# Reactivity



## d e c a d e n t (Apr 21, 2013)

I'm curious how reactive types (or anyone who feels like answering) experience their reactivity.

Also, does it still count as reactivity if you feel reactive but you don't express it? I admit I'm a bit unsure, because I experience myself as reactive but I don't always seem to come off that way.


----------



## Aha (Mar 6, 2014)

fgufhjlihudjfguoihjfdgjfdhl;dfghdrh


----------



## Aha (Mar 6, 2014)




----------



## HellCat (Jan 17, 2013)

Nonsense said:


> I'm curious how reactive types (or anyone who feels like answering) experience their reactivity.
> 
> Also, does it still count as reactivity if you feel reactive but you don't express it? I admit I'm a bit unsure, because I experience myself as reactive but I don't always seem to come off that way.


Signs add up and something feels off , If under stress I flip out and @_Animal_ @_CaptSwan_ and @_Cosmic Orgasm_ have to talk me down because I am a crazy six sometimes with a shitty inf Fi

Two years ago I met this guy, knew he was wrong for me was trying to buy me off based on how I looked, arrogant prick to the core. My brother said "won't last" 

My response " FUCK YOU WATCH ME MARRY HIM." Nobody tells me what to do, whom to be, how my life will go. Without respectfully consulting me first. 

Do I lack wisdom sometimes..God yes but now that I realize I am crazy and a fucking 684 with the worlds worst ability to process emotionally without slowing down and breathing and stopping the immediate lashing out counterphobic reactions I have ...


I force myself, every time something happens now to stop and think. 

Now where is the logic in this? Don't do something stupid! THINK. Strategize, get your whiteboard!

I hope that helped.


----------



## d e c a d e n t (Apr 21, 2013)

@Aha
I see.


----------



## Aha (Mar 6, 2014)

Nonsense said:


> I'm curious how reactive types (or anyone who feels like answering) experience their reactivity.
> 
> Also, does it still count as reactivity if you feel reactive but you don't express it? I admit I'm a bit unsure, because I experience myself as reactive but I don't always seem to come off that way.


Laughing. Loud. Winking. Jumpin. Kicking. Maniacally suggestively smiling


----------



## Animal (May 29, 2012)

1. Withdraw from the situation 
2. Write a song, write in my diary, take a long walk with headphones, or if it's a case of romantic rejection or something I need to talk out, I'll talk to other friends who I trust about it, but no matter what, while I am emoting I will BE ALONE. If I talk to other friends it's strictly online.. because I need to be alone
3. Figure myself out
4. Confront situation to turn it in my favor, or come to understand that the problem was in my head (aka I'm not REALLY being rejected, I'm just imagining that I'm being rejected)



Or...

Get angry and..
well let's just say, my anger can and does make grown men and very tough women cry.
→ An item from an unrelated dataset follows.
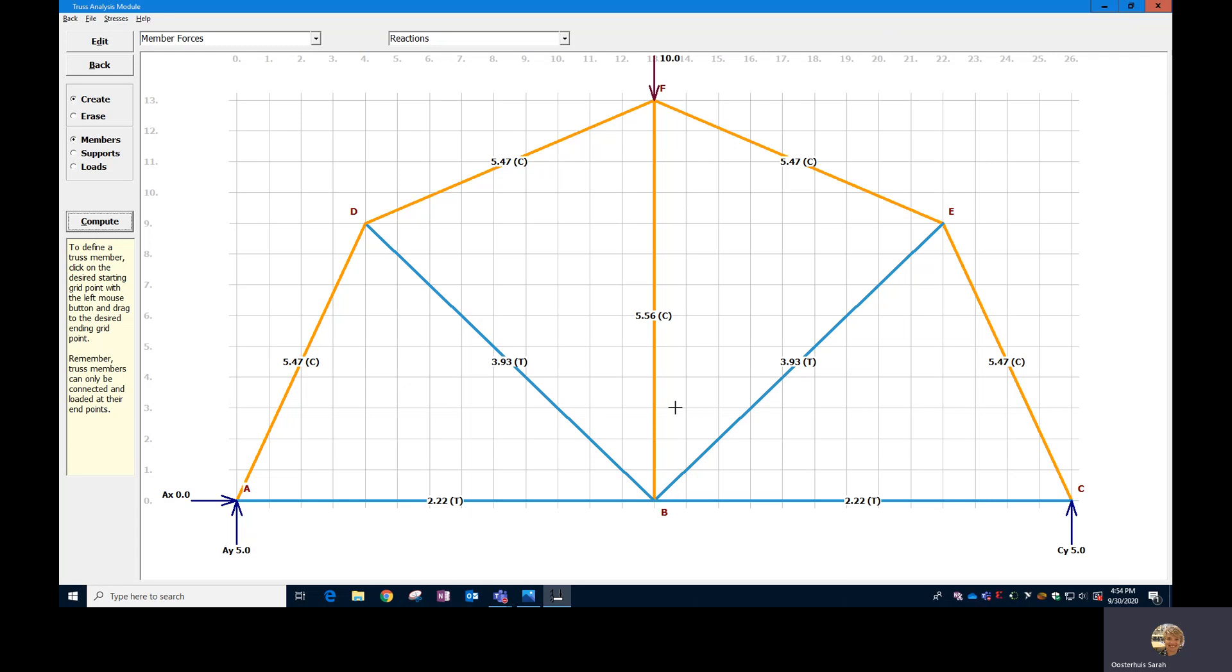So with 10 pounds, it provides 5 pounds of compression in this member. Then if we can get that even lower, that means that overall we should be able to apply more weight. Once you've decided on the design and that you've set it up to be the right size, you want to draw it to scale.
I can rip someone down in very few concise, cutting phrases when they have pissed me off. Most people live their whole lives and never see me in angry robot-mode. But if I am properly triggered, and the above has not worked, and I have tried over and over to say it nicely.. let's just put it this way.. it's not a mistake someone needs to make twice. Either they never want to see me again after that, or if they do, they know not to fucking do that again because nobody wants to deal with animal robot.
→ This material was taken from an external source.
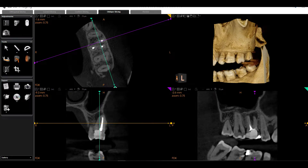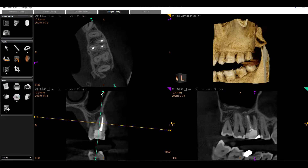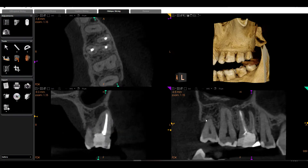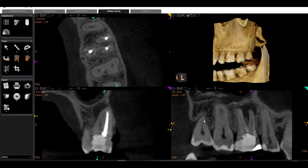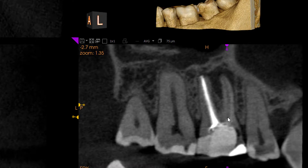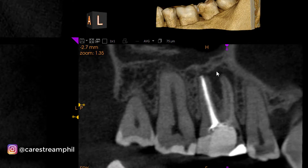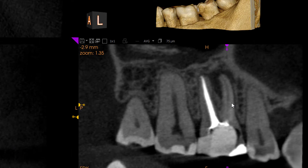Let's go back to our MB2 and go ahead and change some of the angulation to the long axis. Let's zoom in. Now I can actually slice back and forth and have a real nice visual of our missed MB2 canal. I can see the associated low-density lesion, which is the epicenter of that missed canal. I can see the portal of exit for that missed MB2 canal — just a real nice visualization of a simple MB2 case. I hope this helps.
When angry Animal rawrs at someone who doesn't deserve it, or someone who triggered me becasue of my own issues and me being an asshole, then I apologize endlessly and try to make it up to them. :/




All that being said, I am talking about extreme situations.

Day to day, I'm fairly "reactive" in the colloquial sense, I think? I confront whatever comes, as it comes. I'm pretty open/ out there/ expressive. I'm a strong band leader.. I am calm in a crisis.. I'm alert during every conflict and able to sort it out without blinking an eye. It doesn't feel like "reactivity" to me though.. it's more like confidence/ awareness. Conflict doesn't scare me. Someone talks, I answer. Etc.
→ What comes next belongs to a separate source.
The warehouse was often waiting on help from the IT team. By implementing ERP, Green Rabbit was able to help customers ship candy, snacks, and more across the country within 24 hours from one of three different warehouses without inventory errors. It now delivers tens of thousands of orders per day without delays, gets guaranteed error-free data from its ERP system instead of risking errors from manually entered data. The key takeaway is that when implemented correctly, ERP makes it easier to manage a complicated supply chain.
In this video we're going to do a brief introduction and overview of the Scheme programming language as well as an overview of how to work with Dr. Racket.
Withdrawing happens when something triggers shame - it's mostly my reaction to an imaginary rejection, which happens multiple times a day when I'm romantically interested..lol. When I think "reactive" in enneagram terms, I'm thinking about situations where there's a trust issue or a deep problem, me feeling rejected, etc. Some trigger. When I'm emotionally triggered, I withdraw.


----------



## d e c a d e n t (Apr 21, 2013)

@Animal
Haha, I tend to act like a child when I'm angry. It's pretty sad. :tongue: Or at least I don't tend to think very clearly. It's like lava fills my brain and melts everything. :sad:


----------



## HellCat (Jan 17, 2013)

@Nonsense when I get phobic. I hide so nobody sees it other than my cat. Then I hug him and rock for hours watching horror movies, serial killers relax me. 

I do a lot of yoga to stay even keel when my emotions are actually appearing. I literally sneered at the thought of them controlling me GRrrr 

Do you see your emotion in colors at all? I do in colors and words. its trippy.


----------



## Aha (Mar 6, 2014)




----------



## d e c a d e n t (Apr 21, 2013)

LeoCat said:


> Do you see your emotion in colors at all? I do in colors and words. its trippy.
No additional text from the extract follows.